- Task -
Copy out all lines of the records in which the word "BathroomsBathrooms" appears.
══════════
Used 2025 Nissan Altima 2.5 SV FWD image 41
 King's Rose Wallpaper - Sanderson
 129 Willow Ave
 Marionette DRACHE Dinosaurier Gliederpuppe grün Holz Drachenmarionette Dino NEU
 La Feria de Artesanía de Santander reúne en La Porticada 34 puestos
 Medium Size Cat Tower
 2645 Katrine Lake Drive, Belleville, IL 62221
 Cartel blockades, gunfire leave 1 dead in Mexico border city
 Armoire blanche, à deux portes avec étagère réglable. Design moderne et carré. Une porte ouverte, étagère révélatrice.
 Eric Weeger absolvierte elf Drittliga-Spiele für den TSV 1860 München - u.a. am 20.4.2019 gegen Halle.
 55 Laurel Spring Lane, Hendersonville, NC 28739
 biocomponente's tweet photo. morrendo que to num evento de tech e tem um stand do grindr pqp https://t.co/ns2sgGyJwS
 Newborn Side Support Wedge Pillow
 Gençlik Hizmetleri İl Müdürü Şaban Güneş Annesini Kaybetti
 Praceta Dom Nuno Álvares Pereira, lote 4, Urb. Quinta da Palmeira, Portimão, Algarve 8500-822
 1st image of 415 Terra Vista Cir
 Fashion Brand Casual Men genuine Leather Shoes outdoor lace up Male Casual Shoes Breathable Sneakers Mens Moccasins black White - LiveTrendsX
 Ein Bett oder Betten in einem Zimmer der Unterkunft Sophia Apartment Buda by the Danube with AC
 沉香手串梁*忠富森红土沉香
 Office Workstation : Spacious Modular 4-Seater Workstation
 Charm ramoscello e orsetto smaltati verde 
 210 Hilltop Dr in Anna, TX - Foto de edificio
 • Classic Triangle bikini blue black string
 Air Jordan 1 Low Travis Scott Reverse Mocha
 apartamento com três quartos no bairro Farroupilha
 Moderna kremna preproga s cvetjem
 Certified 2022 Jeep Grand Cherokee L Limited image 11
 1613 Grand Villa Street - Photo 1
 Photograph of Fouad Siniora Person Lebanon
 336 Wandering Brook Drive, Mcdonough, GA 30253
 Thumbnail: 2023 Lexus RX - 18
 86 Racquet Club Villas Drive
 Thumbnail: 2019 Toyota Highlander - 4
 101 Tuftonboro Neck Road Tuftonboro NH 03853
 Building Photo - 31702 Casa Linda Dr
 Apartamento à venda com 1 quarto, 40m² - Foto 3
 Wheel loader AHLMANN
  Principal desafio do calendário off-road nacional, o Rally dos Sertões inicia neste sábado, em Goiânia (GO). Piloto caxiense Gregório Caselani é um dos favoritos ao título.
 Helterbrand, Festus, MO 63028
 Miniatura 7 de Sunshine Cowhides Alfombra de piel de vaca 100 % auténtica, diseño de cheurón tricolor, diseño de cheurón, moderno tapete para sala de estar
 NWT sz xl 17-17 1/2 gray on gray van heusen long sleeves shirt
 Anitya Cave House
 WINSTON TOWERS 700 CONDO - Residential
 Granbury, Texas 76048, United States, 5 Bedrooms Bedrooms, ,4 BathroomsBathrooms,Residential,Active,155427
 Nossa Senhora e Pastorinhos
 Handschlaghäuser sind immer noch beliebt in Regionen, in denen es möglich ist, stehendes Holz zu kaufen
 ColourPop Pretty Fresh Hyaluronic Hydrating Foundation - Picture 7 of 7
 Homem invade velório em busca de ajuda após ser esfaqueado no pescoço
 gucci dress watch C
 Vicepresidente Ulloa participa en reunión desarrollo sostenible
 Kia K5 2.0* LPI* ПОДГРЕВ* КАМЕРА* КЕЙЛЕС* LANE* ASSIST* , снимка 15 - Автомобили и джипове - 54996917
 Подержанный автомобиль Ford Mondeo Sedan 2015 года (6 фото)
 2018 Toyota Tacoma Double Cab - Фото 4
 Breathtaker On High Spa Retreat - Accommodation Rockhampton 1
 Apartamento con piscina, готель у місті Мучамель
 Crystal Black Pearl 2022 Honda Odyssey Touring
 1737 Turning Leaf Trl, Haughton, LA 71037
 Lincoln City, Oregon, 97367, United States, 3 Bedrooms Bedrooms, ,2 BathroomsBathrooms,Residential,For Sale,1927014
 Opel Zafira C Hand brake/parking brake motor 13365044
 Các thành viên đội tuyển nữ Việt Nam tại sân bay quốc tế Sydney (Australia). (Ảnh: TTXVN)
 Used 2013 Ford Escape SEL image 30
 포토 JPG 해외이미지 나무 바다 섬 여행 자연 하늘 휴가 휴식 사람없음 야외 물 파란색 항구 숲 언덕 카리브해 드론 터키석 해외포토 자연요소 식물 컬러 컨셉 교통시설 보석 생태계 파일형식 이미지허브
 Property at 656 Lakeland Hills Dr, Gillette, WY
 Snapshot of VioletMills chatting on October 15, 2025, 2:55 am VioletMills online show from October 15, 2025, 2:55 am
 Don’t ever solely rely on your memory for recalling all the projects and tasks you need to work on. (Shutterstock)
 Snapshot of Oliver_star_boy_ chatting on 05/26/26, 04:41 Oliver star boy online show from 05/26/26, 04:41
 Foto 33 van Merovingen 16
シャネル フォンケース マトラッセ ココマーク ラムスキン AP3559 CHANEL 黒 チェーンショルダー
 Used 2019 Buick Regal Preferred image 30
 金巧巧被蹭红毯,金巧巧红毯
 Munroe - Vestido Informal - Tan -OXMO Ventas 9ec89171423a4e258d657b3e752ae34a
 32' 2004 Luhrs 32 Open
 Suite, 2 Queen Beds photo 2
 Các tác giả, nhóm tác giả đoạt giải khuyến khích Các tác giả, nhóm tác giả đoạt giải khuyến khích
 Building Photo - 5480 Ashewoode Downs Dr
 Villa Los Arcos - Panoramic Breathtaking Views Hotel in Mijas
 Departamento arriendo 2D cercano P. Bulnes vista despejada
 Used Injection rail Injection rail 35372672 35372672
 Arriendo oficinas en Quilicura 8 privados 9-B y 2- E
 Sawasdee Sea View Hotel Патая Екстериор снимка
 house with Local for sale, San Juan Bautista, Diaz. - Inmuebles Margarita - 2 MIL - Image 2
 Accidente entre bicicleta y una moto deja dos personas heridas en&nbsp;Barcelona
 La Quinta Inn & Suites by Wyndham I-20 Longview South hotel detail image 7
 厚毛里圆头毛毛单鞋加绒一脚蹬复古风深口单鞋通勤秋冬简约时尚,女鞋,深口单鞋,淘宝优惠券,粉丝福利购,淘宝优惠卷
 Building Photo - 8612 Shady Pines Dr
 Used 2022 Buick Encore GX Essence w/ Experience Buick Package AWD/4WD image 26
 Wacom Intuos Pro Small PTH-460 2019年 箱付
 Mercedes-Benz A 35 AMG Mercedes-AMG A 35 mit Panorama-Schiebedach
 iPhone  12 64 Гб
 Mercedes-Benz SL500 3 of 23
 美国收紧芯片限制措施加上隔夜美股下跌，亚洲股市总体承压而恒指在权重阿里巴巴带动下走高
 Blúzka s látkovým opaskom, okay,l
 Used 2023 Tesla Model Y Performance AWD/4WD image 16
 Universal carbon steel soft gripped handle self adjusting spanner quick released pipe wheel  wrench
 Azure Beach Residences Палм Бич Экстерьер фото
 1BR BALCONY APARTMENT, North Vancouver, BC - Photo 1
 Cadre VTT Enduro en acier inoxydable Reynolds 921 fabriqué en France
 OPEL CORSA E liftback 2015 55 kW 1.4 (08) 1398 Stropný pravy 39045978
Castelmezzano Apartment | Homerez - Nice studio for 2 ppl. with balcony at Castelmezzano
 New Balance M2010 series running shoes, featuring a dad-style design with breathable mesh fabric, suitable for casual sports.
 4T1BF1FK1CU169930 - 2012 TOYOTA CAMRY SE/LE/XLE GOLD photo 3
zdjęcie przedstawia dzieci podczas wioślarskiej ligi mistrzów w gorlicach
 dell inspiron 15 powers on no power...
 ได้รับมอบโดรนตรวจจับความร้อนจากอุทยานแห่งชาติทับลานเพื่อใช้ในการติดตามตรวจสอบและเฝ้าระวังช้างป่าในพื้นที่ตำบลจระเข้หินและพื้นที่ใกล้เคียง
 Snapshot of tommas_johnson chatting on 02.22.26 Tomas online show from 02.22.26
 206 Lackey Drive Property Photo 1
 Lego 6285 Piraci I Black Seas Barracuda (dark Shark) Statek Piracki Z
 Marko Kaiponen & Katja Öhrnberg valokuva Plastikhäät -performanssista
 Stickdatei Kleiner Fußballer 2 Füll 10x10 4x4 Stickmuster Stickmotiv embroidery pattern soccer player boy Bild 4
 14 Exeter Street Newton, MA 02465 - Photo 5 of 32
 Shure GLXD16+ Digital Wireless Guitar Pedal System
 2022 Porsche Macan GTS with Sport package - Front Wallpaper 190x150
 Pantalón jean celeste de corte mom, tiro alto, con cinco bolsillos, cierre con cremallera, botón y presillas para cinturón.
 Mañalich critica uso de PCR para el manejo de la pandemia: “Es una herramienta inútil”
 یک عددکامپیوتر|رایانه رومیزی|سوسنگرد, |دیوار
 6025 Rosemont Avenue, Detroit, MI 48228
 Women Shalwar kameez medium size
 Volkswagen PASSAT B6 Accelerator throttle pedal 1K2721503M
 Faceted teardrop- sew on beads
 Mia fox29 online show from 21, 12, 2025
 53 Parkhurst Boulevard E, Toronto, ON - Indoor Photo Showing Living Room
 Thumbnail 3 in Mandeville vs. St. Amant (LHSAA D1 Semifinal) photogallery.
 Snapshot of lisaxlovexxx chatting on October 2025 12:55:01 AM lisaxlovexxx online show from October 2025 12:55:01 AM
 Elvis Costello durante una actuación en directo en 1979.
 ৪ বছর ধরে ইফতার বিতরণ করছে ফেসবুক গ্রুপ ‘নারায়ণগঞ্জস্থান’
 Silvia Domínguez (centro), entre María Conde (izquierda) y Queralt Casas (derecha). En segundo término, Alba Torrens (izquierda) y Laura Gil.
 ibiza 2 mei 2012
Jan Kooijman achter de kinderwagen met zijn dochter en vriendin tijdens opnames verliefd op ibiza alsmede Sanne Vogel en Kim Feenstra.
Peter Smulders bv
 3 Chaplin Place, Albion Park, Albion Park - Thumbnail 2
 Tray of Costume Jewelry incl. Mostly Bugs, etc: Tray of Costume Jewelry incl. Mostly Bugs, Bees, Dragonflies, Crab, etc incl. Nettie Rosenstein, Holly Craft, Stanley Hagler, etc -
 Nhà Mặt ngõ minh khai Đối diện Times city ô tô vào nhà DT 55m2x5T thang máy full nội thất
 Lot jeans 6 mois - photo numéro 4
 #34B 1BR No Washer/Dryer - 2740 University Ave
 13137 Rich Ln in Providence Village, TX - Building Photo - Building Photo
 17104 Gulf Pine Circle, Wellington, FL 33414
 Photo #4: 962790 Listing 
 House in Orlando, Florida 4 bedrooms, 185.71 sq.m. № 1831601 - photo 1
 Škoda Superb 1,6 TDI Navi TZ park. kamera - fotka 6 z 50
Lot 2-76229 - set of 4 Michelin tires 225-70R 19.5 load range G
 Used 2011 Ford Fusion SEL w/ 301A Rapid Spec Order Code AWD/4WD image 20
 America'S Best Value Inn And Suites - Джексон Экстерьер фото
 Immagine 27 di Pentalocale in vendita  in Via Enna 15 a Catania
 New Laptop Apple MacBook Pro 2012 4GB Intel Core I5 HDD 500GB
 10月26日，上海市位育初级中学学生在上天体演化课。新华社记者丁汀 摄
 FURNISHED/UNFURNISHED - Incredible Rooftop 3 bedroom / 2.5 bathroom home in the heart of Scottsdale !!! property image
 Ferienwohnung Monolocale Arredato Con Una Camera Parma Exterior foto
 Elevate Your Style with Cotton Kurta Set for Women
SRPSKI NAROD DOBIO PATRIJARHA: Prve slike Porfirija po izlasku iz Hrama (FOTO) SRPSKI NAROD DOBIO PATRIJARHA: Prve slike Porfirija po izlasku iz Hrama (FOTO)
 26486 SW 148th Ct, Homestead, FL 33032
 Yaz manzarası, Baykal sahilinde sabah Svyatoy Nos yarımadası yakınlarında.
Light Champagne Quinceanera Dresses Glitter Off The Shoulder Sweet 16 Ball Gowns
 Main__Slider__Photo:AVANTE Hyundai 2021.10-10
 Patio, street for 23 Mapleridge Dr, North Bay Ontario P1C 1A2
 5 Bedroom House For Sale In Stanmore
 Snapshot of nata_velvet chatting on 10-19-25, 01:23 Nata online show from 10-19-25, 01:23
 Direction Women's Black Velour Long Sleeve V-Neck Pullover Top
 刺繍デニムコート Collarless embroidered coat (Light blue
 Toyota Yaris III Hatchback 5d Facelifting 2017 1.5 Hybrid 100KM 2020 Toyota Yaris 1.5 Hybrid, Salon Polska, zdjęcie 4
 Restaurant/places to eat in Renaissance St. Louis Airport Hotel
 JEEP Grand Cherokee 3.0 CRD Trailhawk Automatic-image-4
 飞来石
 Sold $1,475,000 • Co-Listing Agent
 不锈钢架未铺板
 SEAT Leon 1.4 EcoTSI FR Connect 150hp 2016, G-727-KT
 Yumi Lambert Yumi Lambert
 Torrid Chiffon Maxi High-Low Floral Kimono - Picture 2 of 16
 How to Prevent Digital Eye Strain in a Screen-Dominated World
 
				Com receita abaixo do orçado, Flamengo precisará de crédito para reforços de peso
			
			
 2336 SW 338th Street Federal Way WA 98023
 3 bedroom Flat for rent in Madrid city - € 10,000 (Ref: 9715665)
══════════
- Solution for this exercise -
 Granbury, Texas 76048, United States, 5 Bedrooms Bedrooms, ,4 BathroomsBathrooms,Residential,Active,155427
 Lincoln City, Oregon, 97367, United States, 3 Bedrooms Bedrooms, ,2 BathroomsBathrooms,Residential,For Sale,1927014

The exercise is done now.